**What is being asked**
Skip the pictures and return every entry exactly as written.

**Extracted entries**
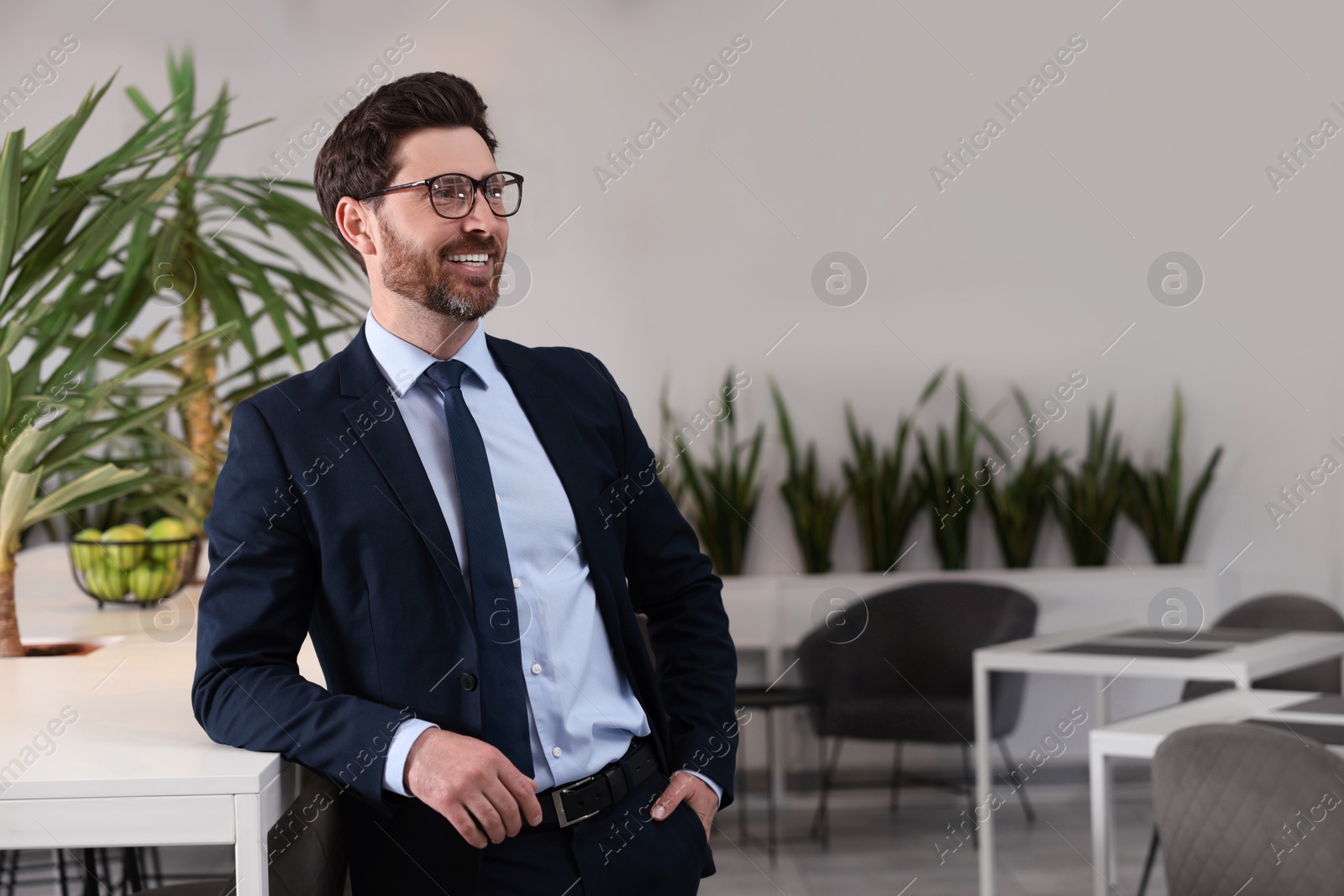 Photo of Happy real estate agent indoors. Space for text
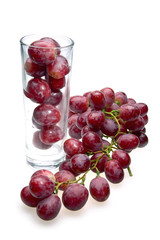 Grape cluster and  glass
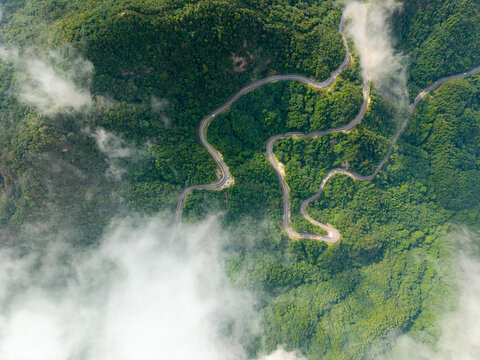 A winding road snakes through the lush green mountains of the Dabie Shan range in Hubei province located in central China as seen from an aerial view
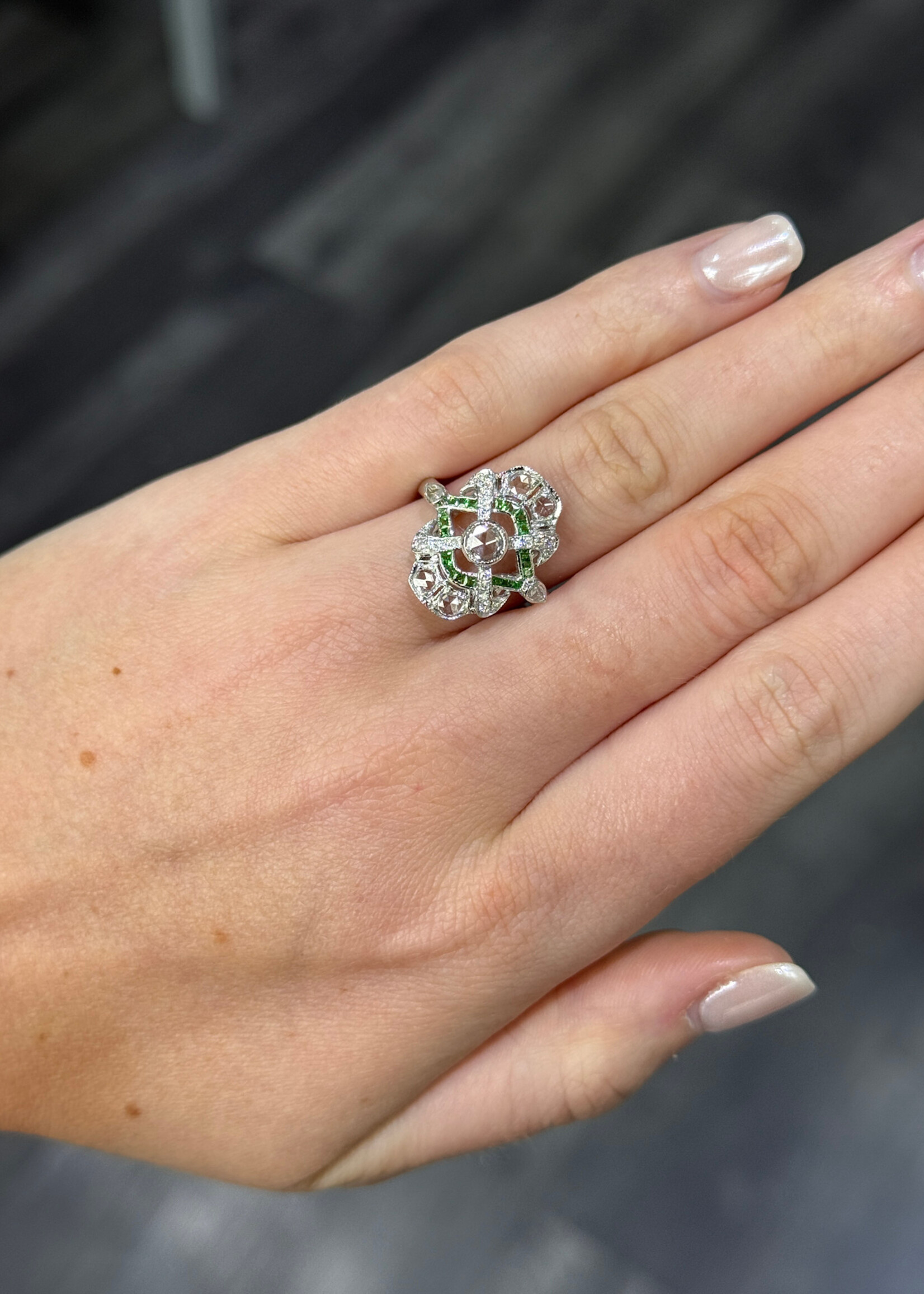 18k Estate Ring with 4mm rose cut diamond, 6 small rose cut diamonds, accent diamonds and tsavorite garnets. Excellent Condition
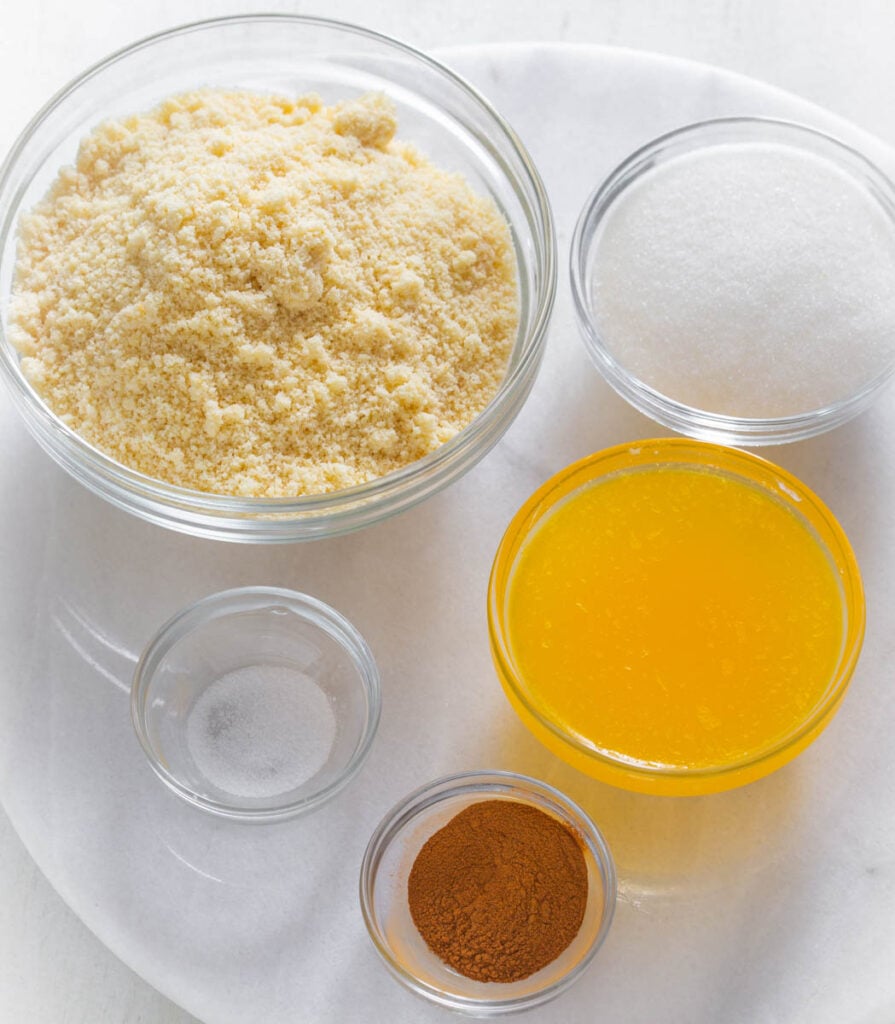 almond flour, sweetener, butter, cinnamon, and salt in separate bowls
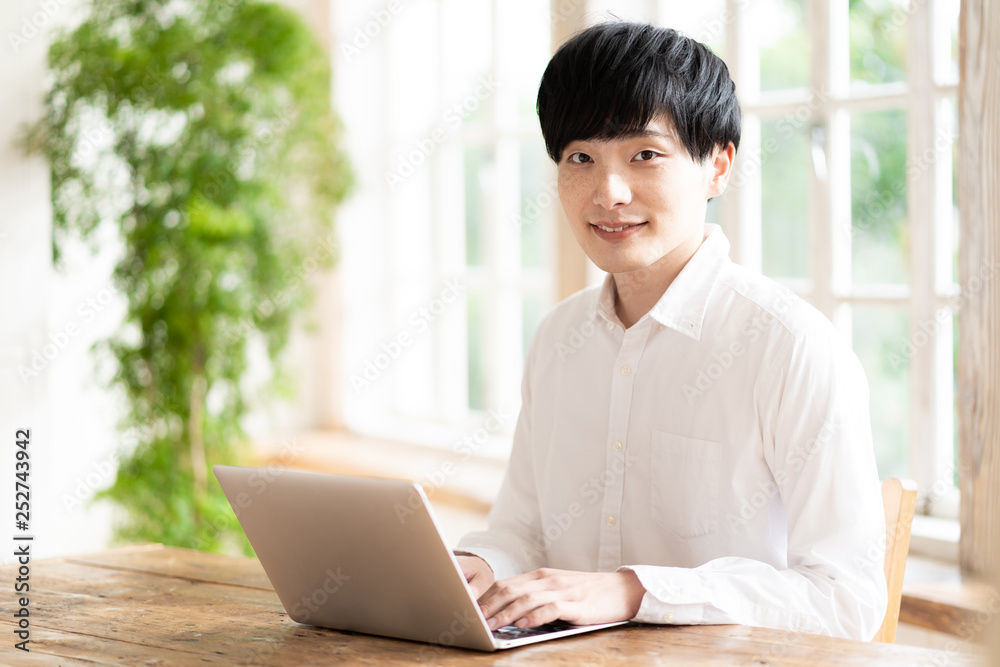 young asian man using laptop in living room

**Task output**
 Photo of Happy real estate agent indoors. Space for text
 Grape cluster and  glass
 A winding road snakes through the lush green mountains of the Dabie Shan range in Hubei province located in central China as seen from an aerial view
 18k Estate Ring with 4mm rose cut diamond, 6 small rose cut diamonds, accent diamonds and tsavorite garnets. Excellent Condition
 almond flour, sweetener, butter, cinnamon, and salt in separate bowls
 young asian man using laptop in living room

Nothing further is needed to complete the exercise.